To prove that the foreclosing entity has a rightful claim merely reequires the "keeper of the books and records" to testify that the debt is owed and they have the legal right to collect.
In order to offset the testimony of the keeper of the books and records, the homeowners would need to produce evidence that the entity does not know for certain that the note has not been transferred, or that the debt is not owed.
Obtaining proof is accomplished through discovery actions where you force the lender to produce the records that prove they have the legal right to collect or foreclose.

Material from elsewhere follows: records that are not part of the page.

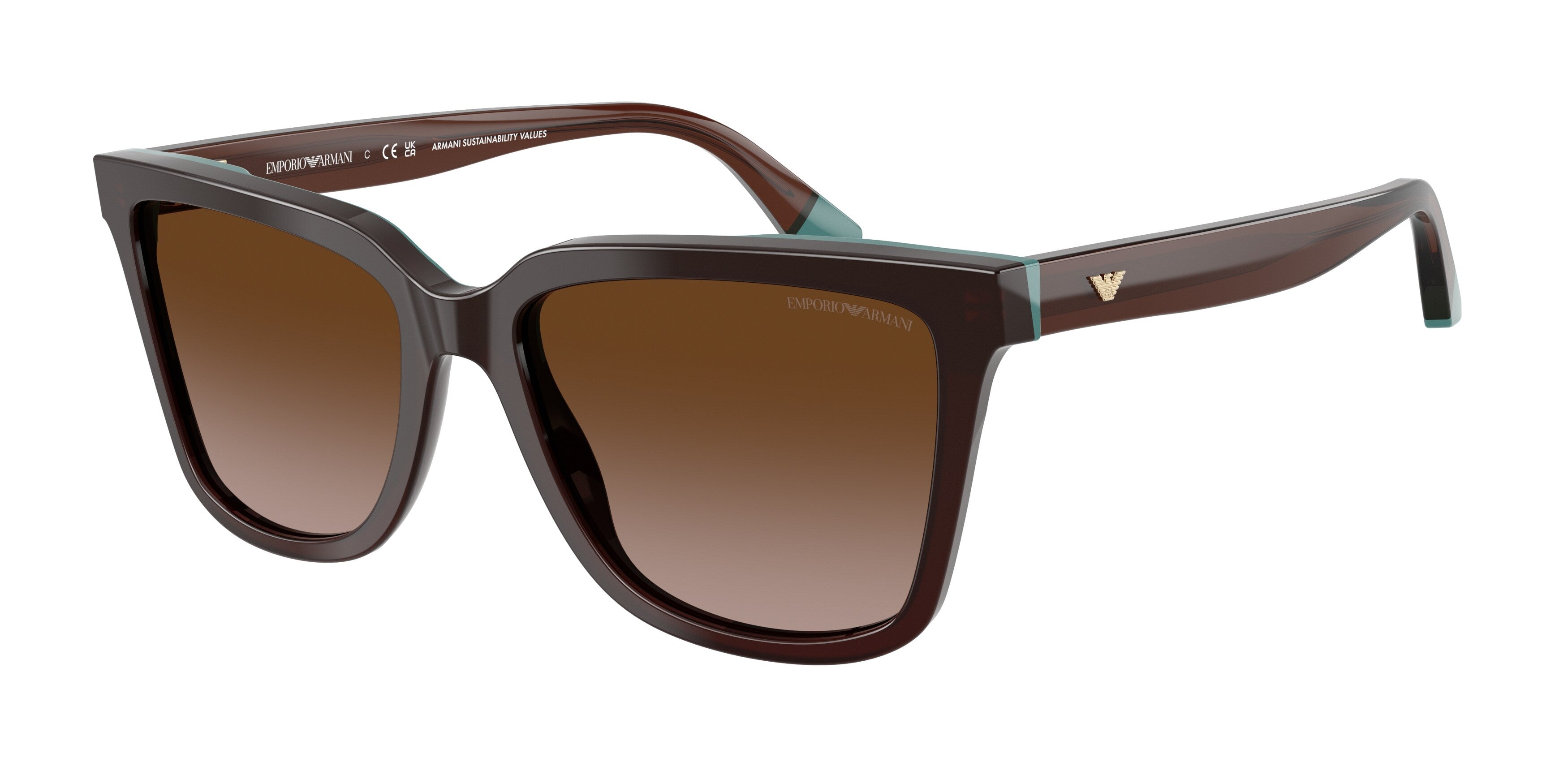 Emporio Armani Donna Emporio Armani EA4261 631813 Occhiali da sole Acetato Marrone Marrone Geometrica Normale Sfumato Emporio Armani Donna Emporio Armani EA4261 631813 Occhiali da sole Acetato Marrone Marrone Geometrica Normale Sfumato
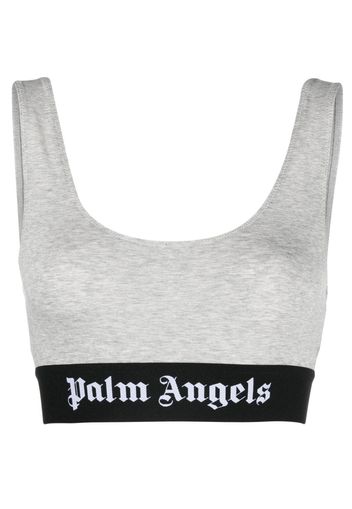 Palm Angels logo-trim bra - Grigio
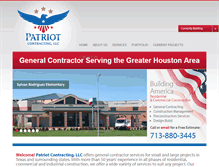 Tablet Screenshot of patriotllc.us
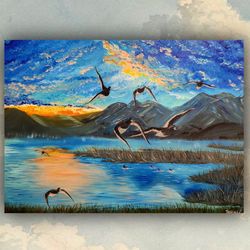 Original oil painting Alaska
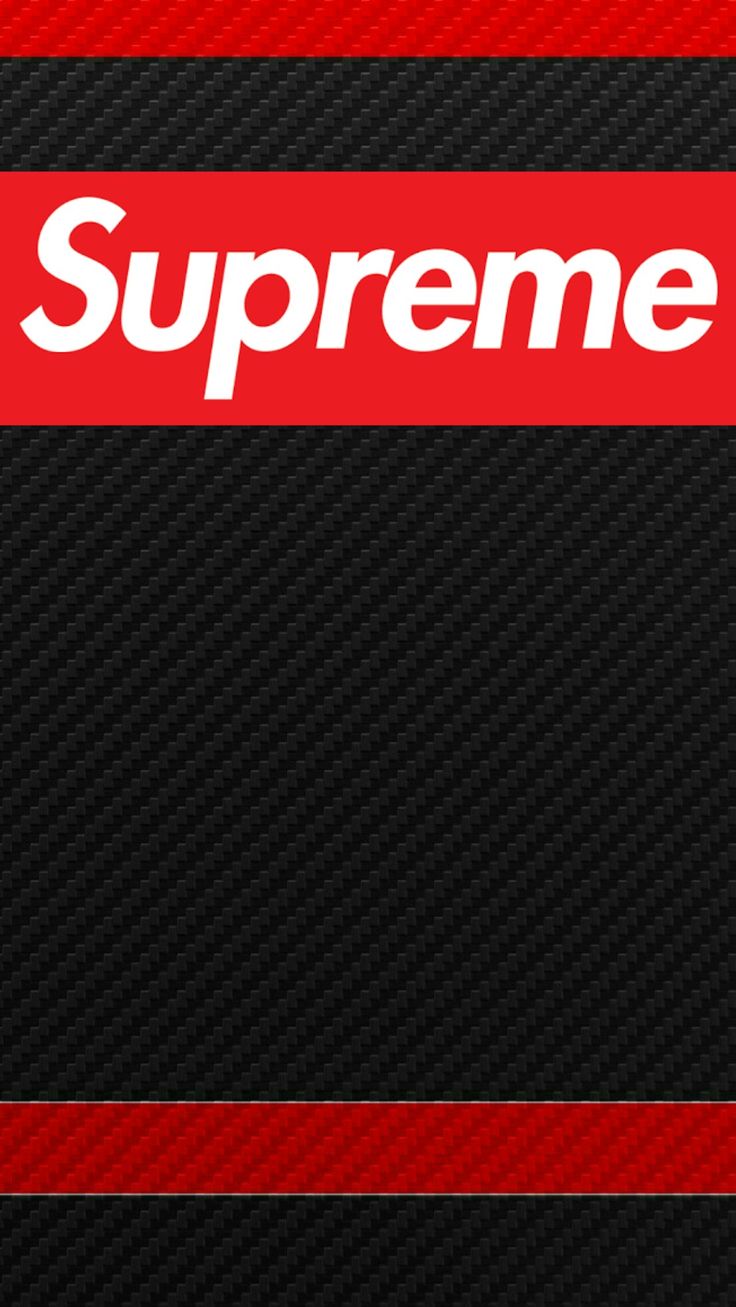 Iphone X Supreme Black Wallpapers On Wallpaperdog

You will need a competent attorney to do this properly. If you can prove that the lender cannot prove they have the legal right to collect the debt, then you can win.
In most cases, either the note will ultimately be produced or adequate testimony will prove the debt. However, this procedure will lengthen the time required to foreclose, providing additional time to get the short sale approved, even if the debt cannot be set aside. Remember, the homeowner is not saying they do not owe the debt; only that they may not owe the debt to this particular lender. With so many bank closures, mergers, and takeovers, that may be a fact.
When I represented consumers, it was not uncommon to find clients who experienced a foreclosure by the
servicing lender, only to result in the actual holder of the note later suing them for the entire debt.
Technically, representing oneself can be done, but not well advised. Most short sale homeowners do not have the funds to take on a case using this strategy, and in most cases, the proof of debt will be presented with only a short delay in the case.
In judicial states, an answer to the original court Complaint or Petition must be filed within the time frame permitted by your state law. Then the discovery process would begin. It is possible to file a simple letter answer, which is often accepted by judges and deemed to be a legal Answer to the Complaint or Petition out of an abundance of caution. Then even at trial, this strategy could be implemented. However, it is best to let a good attorney handle it.
In non-judicial states, a lawsuit must be filed by the homeowners before the date of the trustee sale. Again, it is much more likely to be successful if a lawyer does it. The Complaint or Petition must assert a denial of the debt to the defendant. In some jurisdictions it is enough to state that plaitniffs are uncertain that the debt is owed to this defendant, while in other jurisdictions the plaintiffs must allege that they have reason to believe that they do not owe the debt to defendant. Again, taking these actions are costly if the homeowners hire an attorney. The Complaint or Petition would ask the court to require the lender to produce the note.
In any case, the original loan documents should be taken to the attorney for a forensic review because there is a good chance that there may also be TILA or RESPA violations as well. If the violations are serious enough, some attorneys may take the case on a fee contingency if there is a likelihood of a substantial award.
Generally, this "produce the note" strategy is seldom effective in practice, except for gaining time for the short sale process. This objective may well justify this strategy.